A phase 3 study found brilaroxazine at 50 mg and 15 mg significantly reduced symptoms of acute schizophrenia.1
The pivotal RECOVER trial was led by Laxminarayan Bhag, from Reviva Pharmaceuticals, to assess the safety and efficacy of brilaroxazine: a serotonin-dopamine system modulator targeting D2/3/4 and 5-HT1A/2A receptors as a partial agonist and 5-HT2B/7 receptors as an antagonist.2 Brilaroxazine controls inflammatory cytokines, a potential disease driver. The primary endpoint of improvement in the PANSS score from baseline to day 28, compared with placebo.
Participants on brilaroxazine 50 mg achieved a 10.1-point reduction compared to placebo (-23.9 vs -13.8; P < .001). Investigators observed significant reductions in positive, negative, and negative marder symptoms, as well as PANSS social cognition, excitement or agitation, PSP, and CGI-S. Brilaroxazine 15 mg was superior to placebo for all endpoints.
In an interview with HCPLive, Larry Ereshefsky, PharmD, the chief scientific officer at CenExcel Research and Follow the Molecule, discussed the RECOVER trial, from how brilaroxazine improves various symptom domains of schizophrenia to the drug’s safety profile.
When asked if brilaroxazine brought any notable adverse events, Ereshefsky responded, "The fascinating part is if they’re not notable.” He continued by saying how “remarkable” the safety profile was, with an all-cause discontinuation rate of 16%. During the phase 3 trial, the number of patients discontinuing the trial due to treatment-emergent adverse events was 0.
Some adverse events were sedation and restlessness, which was all depending on a participant’s sensitivity to the drug.
“That's why you need multiple doses for this drug,” Ereshefsky said. “I'm not a believer that one dose fits everybody.”
He also dived into the effects of brilaroxazine on inflammatory cytokines and neuroinflammation and how this can impact future treatment strategies.

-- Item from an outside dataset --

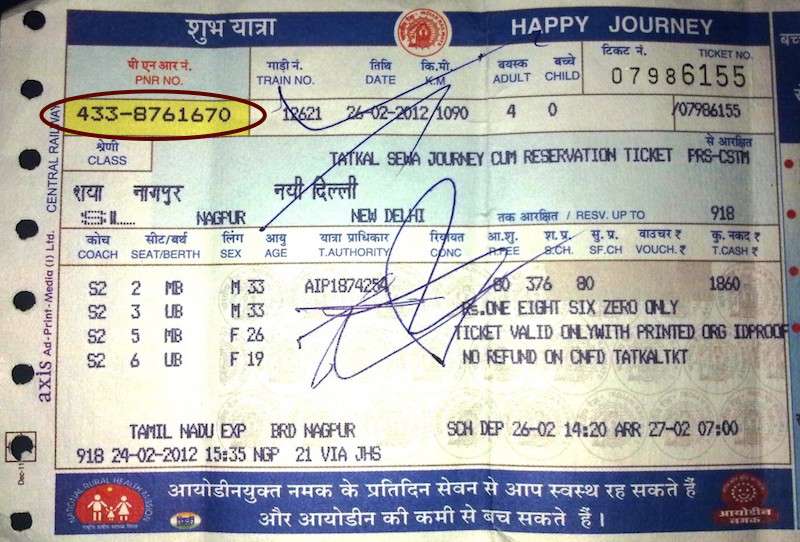 india travel ticket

Every single psychotic episode damages the brain, shrinking the tissue. He said if future studies continue to show promise, this drug could potentially prevent the brain damage that occurs in schizophrenia, particularly in early treatment.
“Long term, changing the inflammatory system…could be a game changer,” Ereshefsky said. “It’s a little bit tangential, but it illustrates how different this drug seems to be from others.”
Investigators are considering examining the drug for the treatment of psoriasis, pulmonary disease, hypertension, fibrotic illness—all of which have nothing to do with schizophrenia.
“Yet this drug seems to have a signal here, so that that's a story still unfolding, but it is something that could differentiate,” Ereshefsky said.